浮遊機械都市ボーグ

 名高いロキュータス事件の話をはじめて見た。作り直したら映画としても通用しそうなおもしろさってゆうか、なんでTNGの映画は良質なテレビ前後編に勝てませんか?
 なんかよくわかんないけどボーグが連邦のシマにやってきたらしくてギャワー。迫り来るボーグへの対策一辺倒の話かと思いきや、エンタープライズにやってきたボーグ専門家の新進気鋭の仕官であるシェルビー少佐とライカーの鍔迫り合いがおもしろいね。
 昇進を拒みエンタープライズに残り続けるライカーと、ライカーの後を襲ってキャリアの足がかりにしようという野心的な仕官の静かな戦い。ライカーに黙って独断専行したり、ライカーの頭越しにピカードに談判に行く若い士官に、昔のライカーの姿が重なってすごくいい。確かライカーって昇進のために付き合ってたカウンセラーを振ったという過去があったはずじゃよねー。当時のライカーなら喜んで昇進してメルボルンの艦長になっただろうに、今のライカーはピカード艦長の下で副長としてエンタープライズに残る心地よさを棄てられない。つまり、ライカーはムチムチボインなカウンセラーよりも、ハゲ中年に夢中ってことじゃろかー。そしてハゲ中年を巡って髭青年と小娘が恋の鞘当をする、こんなスタートレック見たことねー! ピカードがライカーのキャリアを鑑みて昇進を受けるように忠告するところもおもしろいね。まるで将来有望な若い愛人に向かって「こんなオバサンに夢中になっちゃダメよ」と悲しげに呟く熟女のようだ。
 反発するライカーとシェルビーが協力するきっかけになるのが、ボーグによるピカード艦長拉致事件というのがうまいなー。ボーグに拉致されロキュータスにされたピカード艦長を救うために、ピカードを尊敬し愛しているが故に反発しあっていた二人が結束する。丸くなったと言われていたライカーだけれど、ピカードのためなら反則みたいな作戦だって実行してしまうところがすごくいい。円盤部と戦闘ブロックの切り離しどころか、さらにシャトルまで使った見事で無謀な奪還作戦がおもしろいね。

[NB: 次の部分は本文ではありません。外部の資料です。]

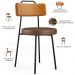 Cadeira Decorativa Estofada Para Sala Jantar Barcelona L02 Couríssimo Whisky Marrom - Lyam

 うわー うわー ボーグおっかねー。やべー 俺も早く同化してもらわなきゃ…。この頃のボーグは無敵だなー。フェイザーもすぐ無効化してしまうし、地球圏の連邦艦隊もあっという間に殲滅してしまう。連邦艦隊はロキュータのピカード・マニューバにやられたんじゃろかー。ボーグキューブでピカード・マニューバってすごそうだ。
 連邦艦隊を壊滅に追い込んで地球圏を危機に陥れたのがロキュータスならば、ボーグ撃退の鍵になるのもロキュータスであったというところが好き。ボーグに支配されながらも必死に撃退のヒントを伝えようとするピカードと、それを汲み取るデータのやり取りがすごくいい。
 ガイナンはおいしいなー。ボーグとの決戦前にピカードと会話して「自分たちの種族が滅びなかったように、人類も滅びない」と励ましたり、ピカードを失って意気消沈しているライカーに早くピカードのことは忘れろと忠告する。かつてボーグに滅ぼされた種族の生き残りであるガイナンをうまく使ってる。
 ウェスリーが完全に脇役扱いになっていて安心した。ヤツが主役級の扱いになるとブリッジ仕官が間抜けになるのでイヤだけれど、脇役として高い知能を生かした技術的なアドバイスをするだけなら安心して見ていられる。みんなでポーカーをやってるときにライカーのはったりに騙されたりとか、知能は高いがそれ以外は年齢相応の扱いをされていて、これぐらいから少しずつ人間的に成長していけば反感買わなかっただろうになーとちょっと気の毒に。でもそれだとデータを被っちゃうからダメか。